4th line down is software rev, in the earlier revs they did display it with the hardware ID.


----------



## scrooge7 (Aug 16, 2007)

P Smith said:


> Just use your digital camera and attach to your new post.


here's what it looks like.Also I notice that both of my other receiver has 110,119 and 129 satellite,but this one only see 110 and 119.Not sure if that makes any difference.


















I hope this help


----------



## P Smith (Jul 25, 2002)

Jason. Oh, I know how to order a few PPV (XXX) for your DP811 using my remote and GPS .

No, that wasn't the intention - OP provided his receiver's FW version in his first post, but when the card revision came, you begin use the card's version.


----------



## scrooge7 (Aug 16, 2007)

Jason Nipp said:


> P2.81 was also a Firmware version, So I would love to see a picture of the sys info screen.
> 
> Oh and Smith, who's trying to add confusion, you make it sound like confusion was intentional... There's no need to try and play me or anyone else trying to help down like that, I do know a few things about the 811 as well.  Hope I am not misinterpreting tone here, if so I apologize.


Everything is exactly like your picture screen :

MOdel ID: dish 811
receiver cd id
smart card ca id: rev281
software vesion p056LAHD-N


----------



## Jason Nipp (Jun 10, 2004)

scrooge7 said:


> Everything is exactly like your picture screen :
> 
> MOdel ID: dish 811
> receiver cd id
> ...


Yes sir, I had a brain fart, PSmith was correct. I should not have skimmed through the first couple posts. You have a factory rev, and you have adequate signal on 119 so I am not sure why you haven't updated. I suppose you could do a memory dump and try again? Realistically, it shouldn't take more than 45 minutes to update.


----------



## P Smith (Jul 25, 2002)

811 switch test result looks good for me, but the triple LNBF still confusing the factory P056 software. May I see same screen from others receivers ?


----------



## Jason Nipp (Jun 10, 2004)

In his case, I would probably leave the 129 box checked, but I have to agree it sounds like the 811 is confused by the 1000.2


----------



## P Smith (Jul 25, 2002)

1K.2 ? Could be just 1000... OK. Can we see the LNBF picture too ?


----------



## scrooge7 (Aug 16, 2007)

P Smith said:


> 1K.2 ? Could be just 1000... OK. Can we see the LNBF picture too ?
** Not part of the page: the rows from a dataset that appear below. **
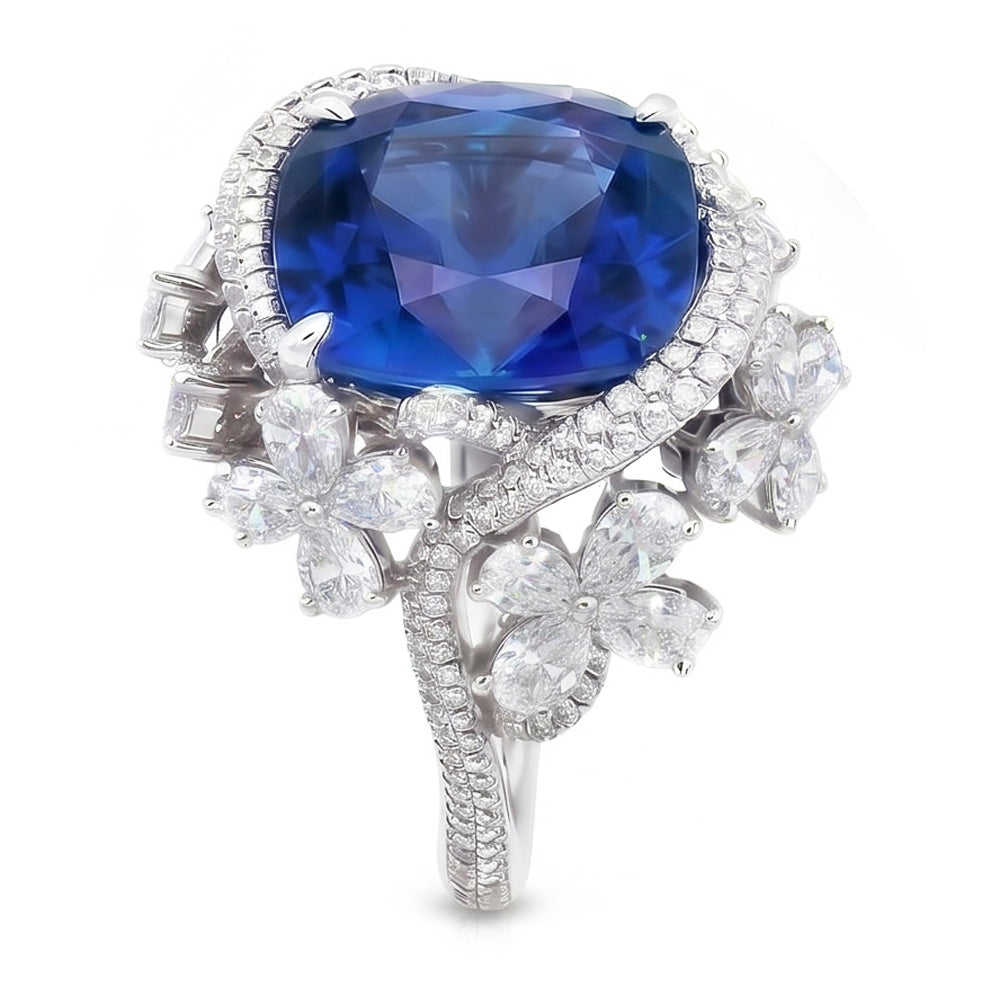 White Gold 14K Pear Cut Blue Sapphire With Natural Earth Mined Diamond ( Not Lab Grown ) s Ring 9.50 Carats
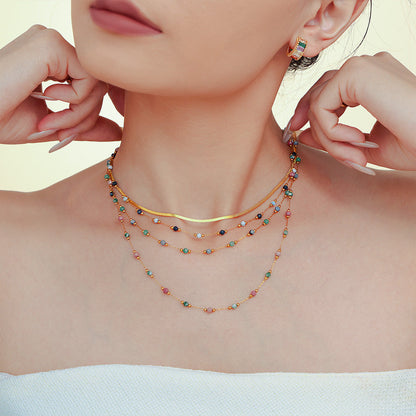 Double Layer Stacked Necklace, Collarbone Necklace CSOMALL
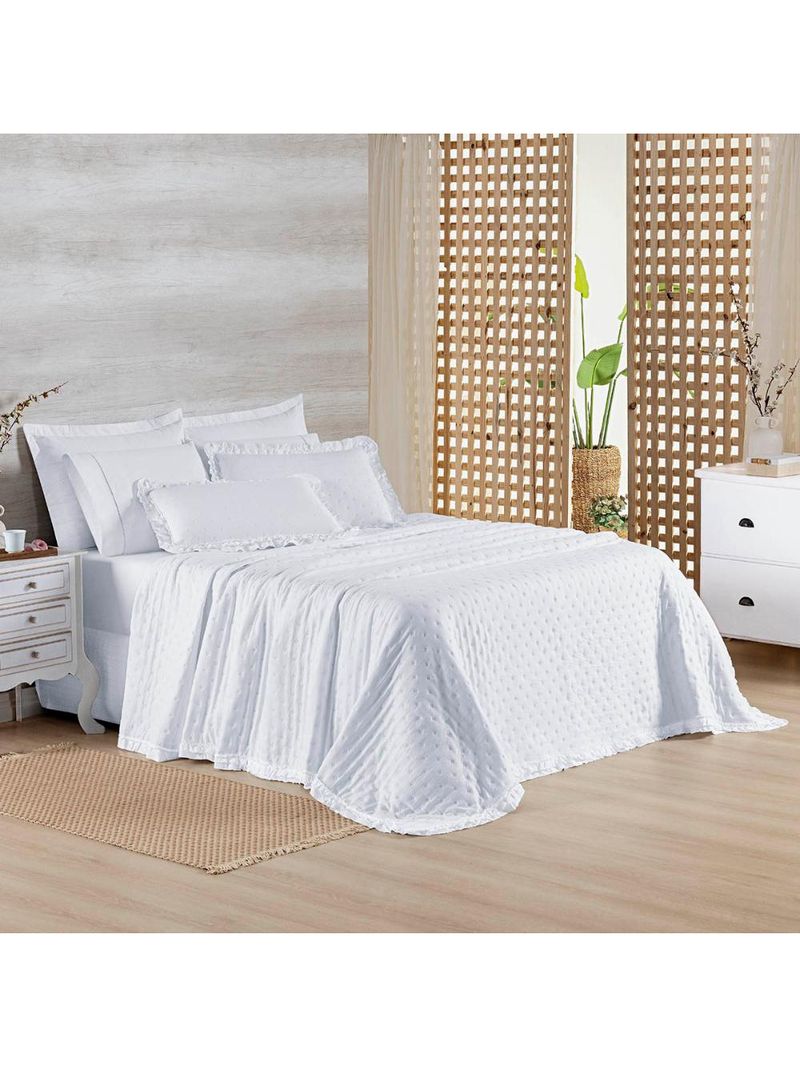 Kit cobre leito colcha vitta casal padrão matelado c/ babadinhos 200 fios 3 peças branco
yes,I will post it later after work.Also does anybody know how to access the menu just from the front panel of receiver other than pushing the menu.I accidently push the menu and another button and the menu came up but I forgot which other button that I push.This is all new to me.Thanks again.


----------



## P Smith (Jul 25, 2002)

Yes, there is Menu button on front panel.


----------